> _Problem to solve_: Write out each line of the listing as it stands, without the images.

> _Collected data_:
BEGIN

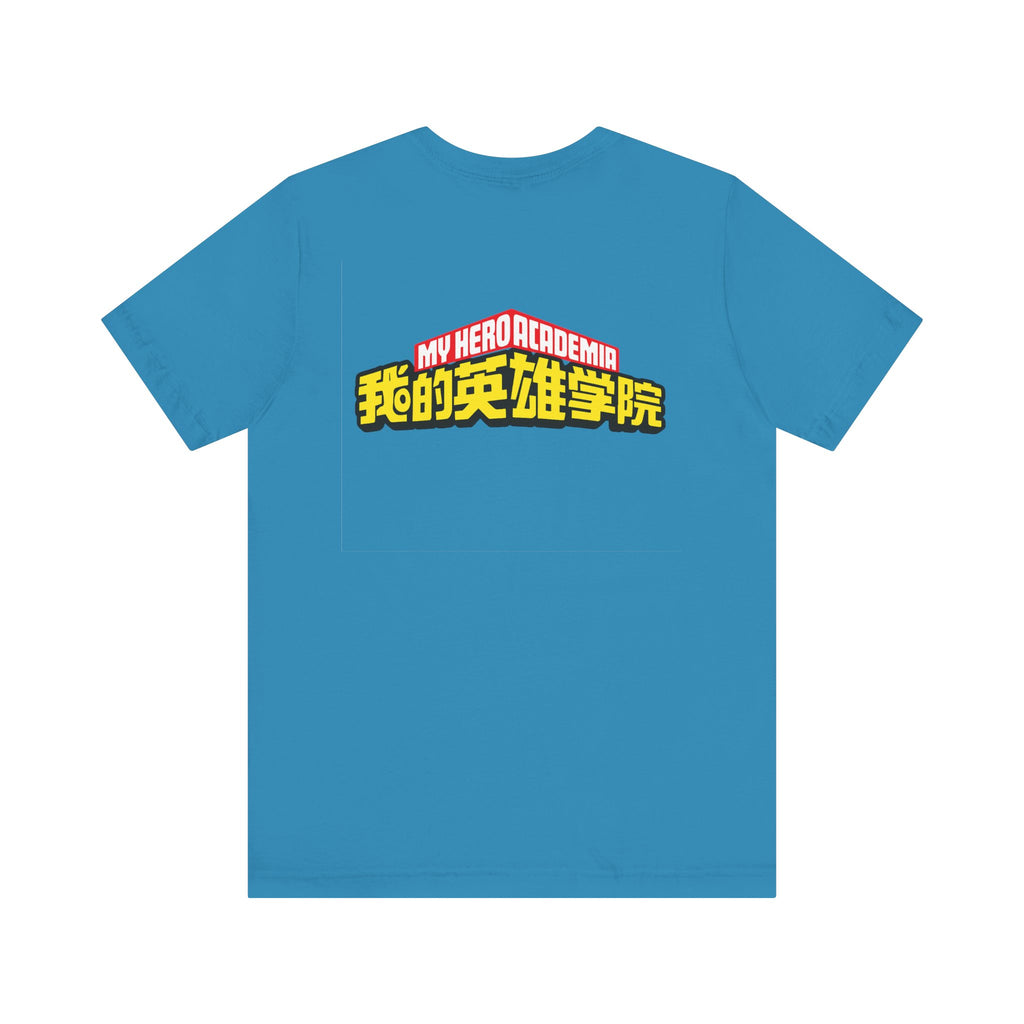 Spinner Unisex Jersey Short Sleeve Tee
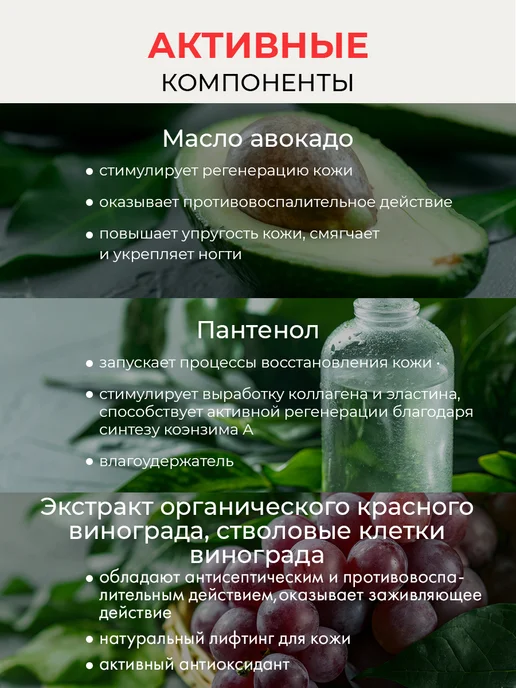DIVINA BELLEZZA Набор по уходу за телом, Италия, вариант, фото 7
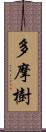 多摩樹 Scroll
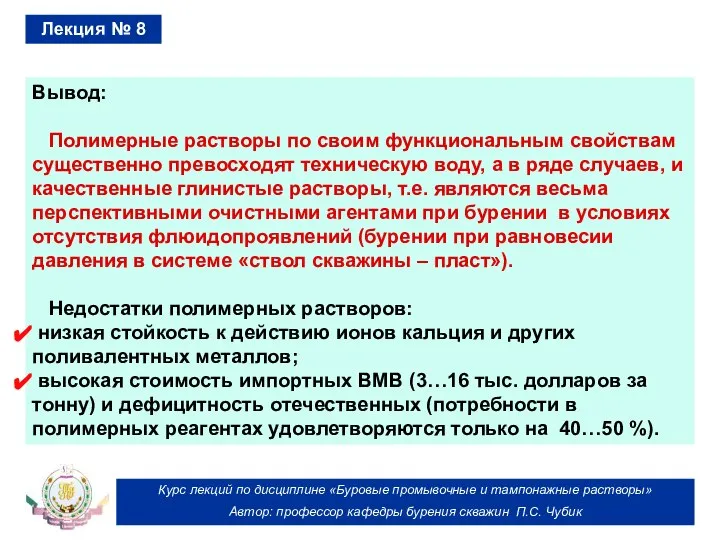 Курс лекций по дисциплине «Буровые промывочные и тампонажные растворы» Автор: профессор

END

> _Completed exercise_:
 Spinner Unisex Jersey Short Sleeve Tee
DIVINA BELLEZZA Набор по уходу за телом, Италия, вариант, фото 7
 多摩樹 Scroll
 Курс лекций по дисциплине «Буровые промывочные и тампонажные растворы» Автор: профессор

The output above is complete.